If, after careful research, I find my destination sounds a bit rubbish, I tend to go there anyway- but I take extra care to ensure the journey includes some lovely roadside attractions*** and some luxury when I arrive. You can’t guarantee every steampunk event is good, but you can make sure you sleep somewhere with nice pillows.


I quite like people, but can usually only stand them for short periods of time before they begin to annoy me. And I’ve been told it’s rather bad form to throw a companion out of a moving car because they are telling you a really long story about their gall bladder operation. That’s why I tend to travel alone****. You might be different. Maybe you have friends whose company you enjoy over long periods. Hang on though, think carefully: Are any of them prone to random acts of flatulence? Have they ever expressed a liking for the music of Robbie Williams? Do they enjoy eating pickled eggs wherever they go and always carry their own jar? Have they got a really weird laugh? If the answers to any of these questions are yes, well, personally I think it might be time to move house and find some new friends, but outside of that, for goodness sakes don’t travel about with them. Make sure you thoroughly vet all travel companions for general decency (or indecency, depending on your preference).

Car games

Are shit. Don’t bother.

Good Music

That’s more like it- certainly essential for any journey from epic adventure to a walk to the corner shop. I could use this section to direct you to my patreon, ( ) where for a simple dollar a month you get access to 12 compilations of great tunes I’ve got in my collection. However, this isn’t the time or place to promote myself or indeed my own collection of excellent travelling music all available at reasonable prices at No, that would be crass. You make up your own mind as to whether you choose my music or something not as good.


If you are a cosplayer or a band on a budget, then you are probably better at packing a car tightly then any of us will ever be. Get those wings folded down, the corsets strapped in and the top hats on top, keep to the essentials- usually just a couple of tea pots is enough for a small group, so long as you have enough hot water and milk. Personally I travel so lightly that I frequently forgot half of my outfit, leaving me to make desperate begging posts on facebook for trousers, like some kind of Steampunk tramp. Which in many ways I am.

Road Food

Gone are the days when all there was to eat on the road was a dry egg samwich or a pickled egg from that weird friend’s jar. These days, you can get a decent thai curry on the m23 or Vegan platter in a little chef*****. There is no excuse for bad eating on the road, which is a shame, because the combination of boredom, tiredness and journey length makes eating bad food so damned tempting. That’s another adventage of travelling alone, no one can see your secret shame when you devour an entire box of Cadburys celebrations meant for a family of eight, in a single sitting.

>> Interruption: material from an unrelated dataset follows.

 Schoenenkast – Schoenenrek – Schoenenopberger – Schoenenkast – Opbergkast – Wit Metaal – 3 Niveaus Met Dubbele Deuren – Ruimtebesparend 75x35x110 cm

So there we have it. Keep safe, take lots of breaks, avoid the pickled eggs and don’t forget your trousers. My whole year is spent bouncing from one steampunk shindig to the next and they are always worth it, so make sure you go somewhere new this year. I’ll see you there. Well, either there on in the car park asking random strangers if I could borrow their trousers.

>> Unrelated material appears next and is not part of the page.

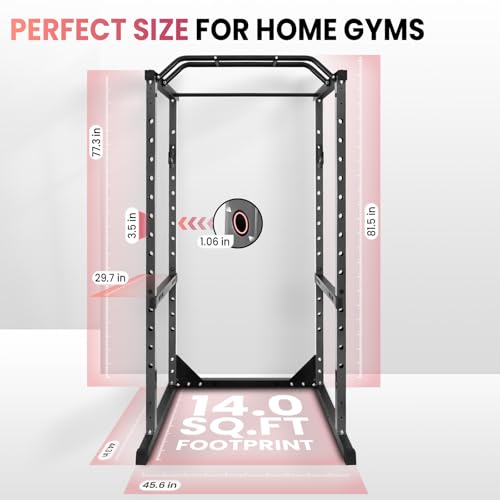 1200 LBS Power Rack Home Gym, 44.3'' x 45.6'' x 81.5'' Versatile Power Cage, Squat Rack with More Training Accessories, Multi-Grip Pull-Up Bar, Adjustable Safety Bars for Home Gyms (Black)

*Motorbike road trips only

**True story

***Strange backwater home-made raccoon zoo if in America, National trust park if in England

****Well, that and the fact that I am a solo performer and none of my friends really ever want to see me perform Cup of Brown Joy ever again.

*****This might not be true, but none of you are going to go to a Little Chef****** to tell me otherwise.

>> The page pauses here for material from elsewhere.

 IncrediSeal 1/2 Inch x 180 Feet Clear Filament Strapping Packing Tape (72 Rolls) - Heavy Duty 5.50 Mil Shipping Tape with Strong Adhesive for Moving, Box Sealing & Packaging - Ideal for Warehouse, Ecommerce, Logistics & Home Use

******American readers, Little Chef in this instance refers to a very 1980s chain of roadside cafes where, if you were a lower middle class kid in the 80s, your dad might sometimes take you as a ‘meal out’ and you could eat egg and chips amongst dead eyed lorry drivers. It does not refer to a dwarf in a chef’s hat with a tiny little roadside café inside a spotted red mushroom, however adorable that might sound.

Published in: on February 6, 2018 at 8:57 pm  Comments (2)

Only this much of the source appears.